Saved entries
========

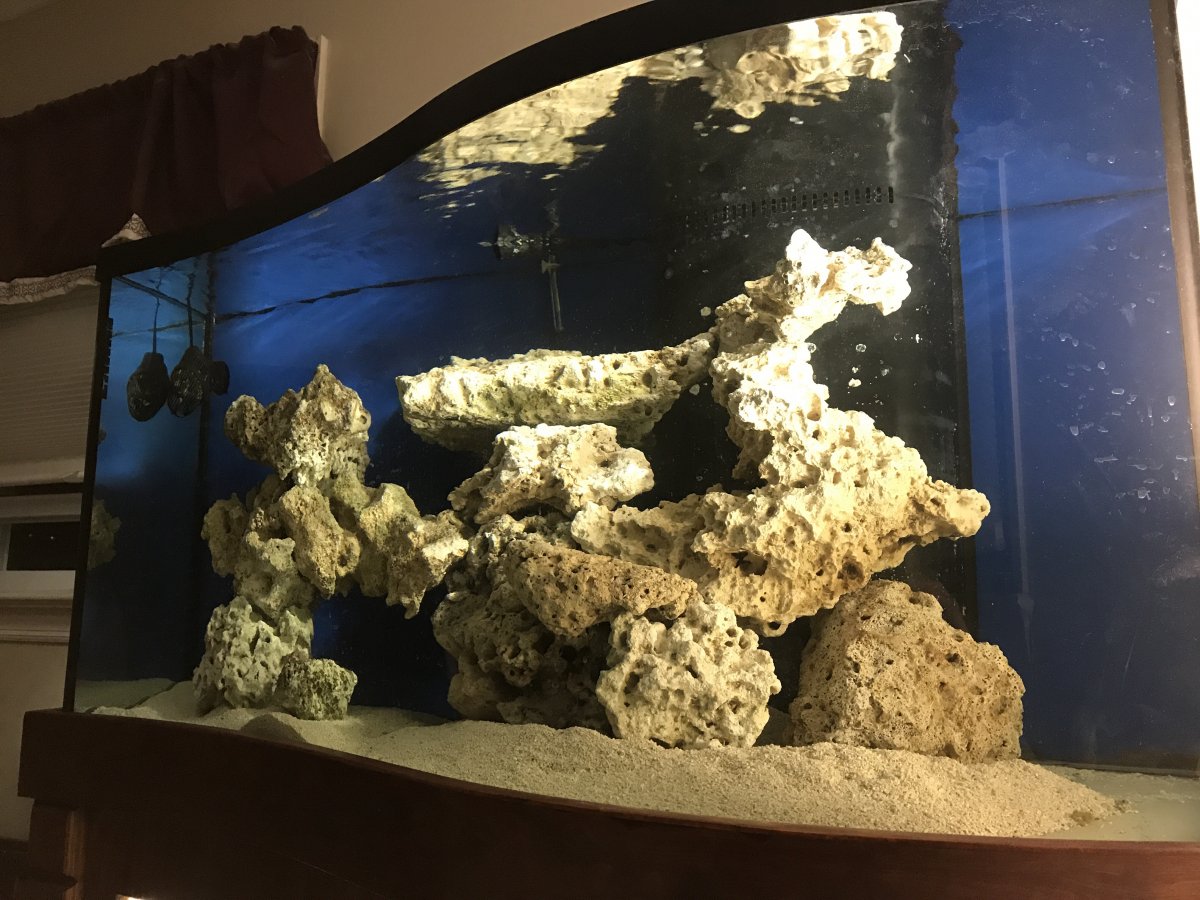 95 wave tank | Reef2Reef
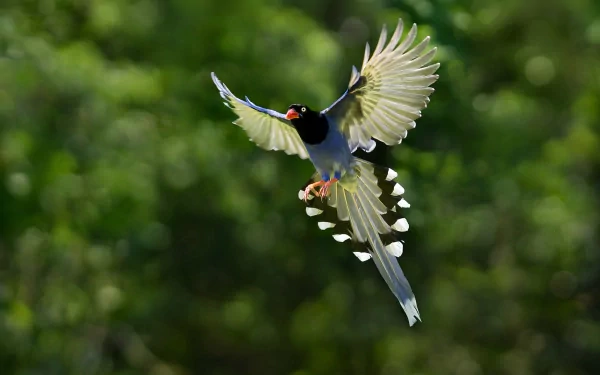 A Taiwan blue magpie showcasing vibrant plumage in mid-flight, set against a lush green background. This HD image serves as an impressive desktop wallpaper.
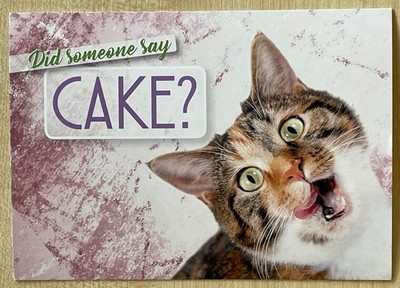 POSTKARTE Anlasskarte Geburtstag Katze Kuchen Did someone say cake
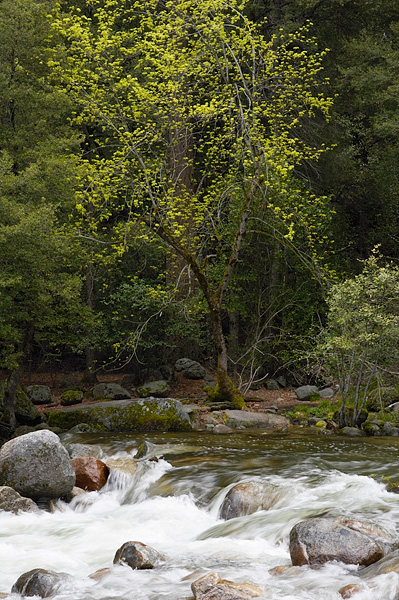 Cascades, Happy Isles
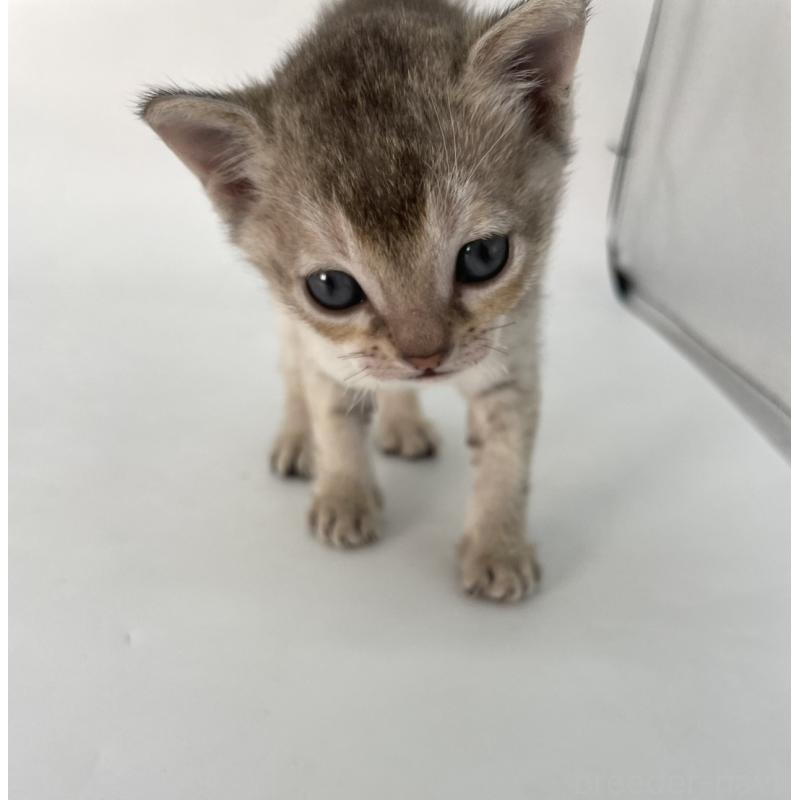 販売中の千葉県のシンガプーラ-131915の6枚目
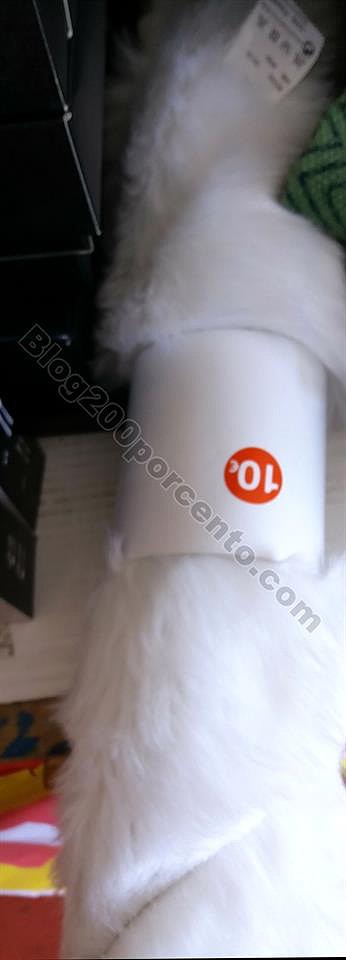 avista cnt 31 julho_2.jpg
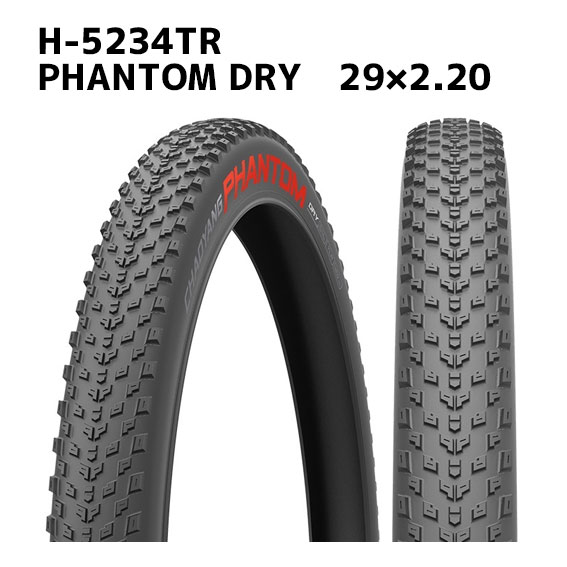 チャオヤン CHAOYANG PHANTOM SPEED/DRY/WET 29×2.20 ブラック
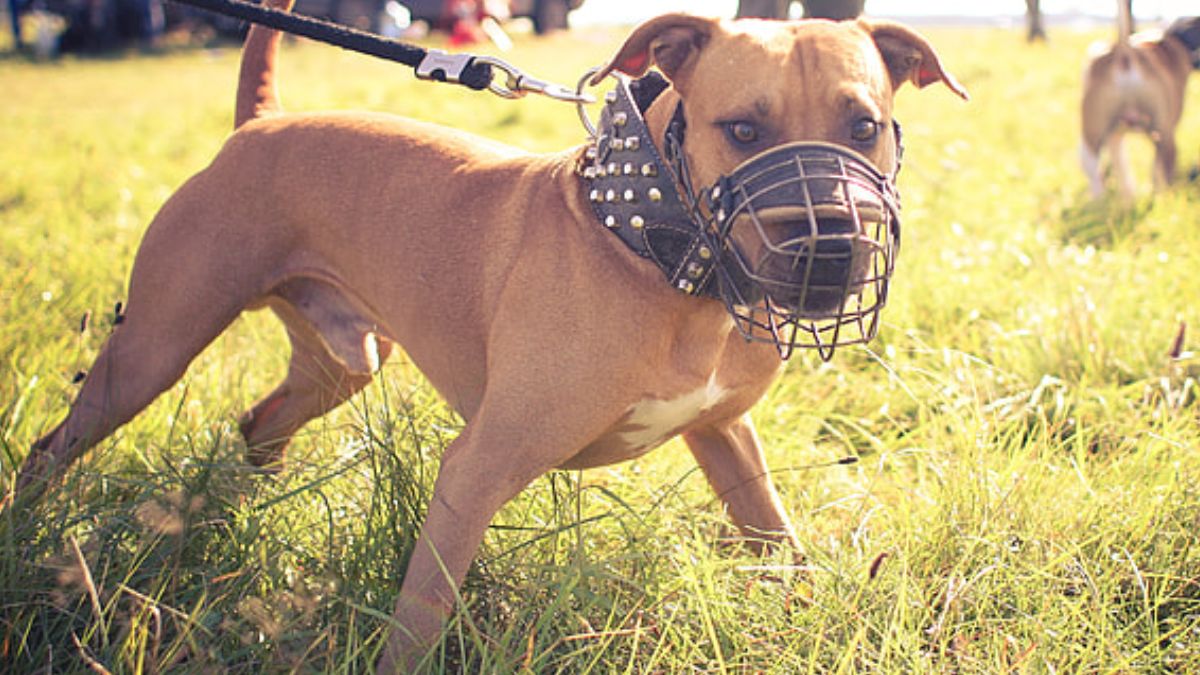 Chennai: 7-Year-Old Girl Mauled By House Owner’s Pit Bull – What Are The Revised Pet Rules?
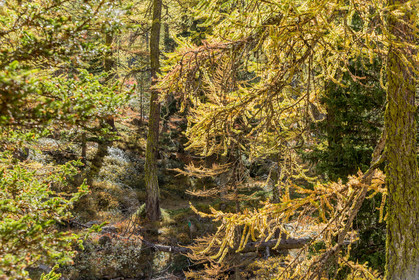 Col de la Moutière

========

Exercise objective
Your task is to restate word for word the lines from the one containing "販売中の千葉県のシンガプーラ-131915の6枚目" through the last line of the data, both ends included, with no pictures.

Answer to this exercise
 販売中の千葉県のシンガプーラ-131915の6枚目
 avista cnt 31 julho_2.jpg
 チャオヤン CHAOYANG PHANTOM SPEED/DRY/WET 29×2.20 ブラック
 Chennai: 7-Year-Old Girl Mauled By House Owner’s Pit Bull – What Are The Revised Pet Rules?
 Col de la Moutière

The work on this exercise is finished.